SXT activated Pi-3K-mediated signaling cascade in T2DM rats

Insulin-stimulated glucose transport is the primary result of GLUT4 translocation, and the PI-3K-mediated pathway plays important roles in insulin stimulated translocation of GLUT4 from intracellular compartment to membrane. To understand the SXT intervention mechanism of glucose uptake in T2DM rats and make clear whether it was associated with PI-3K-mediated pathway, we detected the mRNA levels of GLUT4, PI-3K, Akt, and protein levels of GLUT4, PI-3K, p-PI-3K, Akt, and p-Akt. Results suggested that GLUT4, PI-3K, Akt mRNA levels and protein expression levels of GLUT4, p-PI-3K, p-Akt were obviously inhibited in model group rats than that in normal rats. Diabetes rats, treated with SXT for 7 weeks, showed an upward trend in the expression of GLUT4, phosphorylated Akt and phosphorylated PI-3K in skeletal muscle with a dose-dependence manner (Figures 5A–F). It is illustrated that SXT could enhance key factors in the activation of PI-3K/Akt pathway.

Figure 5.

Figure 5

(A) mRNA expression level of PI-3K, (B) mRNA expression level of Akt, (C) mRNA expression level of GLUT4, (D) protein expression level of phosphorylated PI-3K, (E) protein expression level of phosphorylated Akt and (F) protein expression level of GLUT4 in skeletal muscle of the normal group (N), model group (M), and groups gavaged with metformin (Met), 5 g/kg SXT (SL), 10 g/kg SXT (SM), and 15 g/kg SXT (SH). The values were shown as mean ± SD for seven animals. **P < 0.01, *P < 0.05 vs. Normal; ##P < 0.01, #P < 0.05 vs. Model.

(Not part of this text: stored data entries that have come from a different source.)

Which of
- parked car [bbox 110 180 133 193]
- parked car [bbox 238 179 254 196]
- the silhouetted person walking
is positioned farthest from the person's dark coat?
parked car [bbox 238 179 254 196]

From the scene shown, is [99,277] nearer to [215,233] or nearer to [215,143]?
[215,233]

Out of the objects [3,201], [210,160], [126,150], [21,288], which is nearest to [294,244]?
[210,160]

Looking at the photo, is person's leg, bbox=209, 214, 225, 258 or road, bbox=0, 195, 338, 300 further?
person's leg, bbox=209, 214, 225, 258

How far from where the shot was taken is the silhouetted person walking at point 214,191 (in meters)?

Metabolic profiling analysis

QC samples analysis

The relatively clustering of QCs (Figure 6A) and relative standard deviations (RSD%) of ion intensity (Table 1) expound and prove the quality of QC data, and trend plots showed the variation of t[5] over all observations (Figure 6B). The validation of method was used by Chromatographic peaks of ten ions, which was randomly selected. The examination of method repeatability was used six replicates of QC sample. Our results exhibited that this method had excellent repeatability and stability.

Figure 6.

Figure 6

Assessment of QC samples (A) PCA score plot of test samples and QC samples; (B) Trend plot showing the variation of t[5] over all observations. QC samples were colored as red boxes and test samples were colored as black triangle. X axis numbers represented sample number (41 injections). Y axis was arbitrary (3 s.d.).

Table 1.

Coefficient of variation of ion intensity of selected ions present in the QC samples covering the range of retention times.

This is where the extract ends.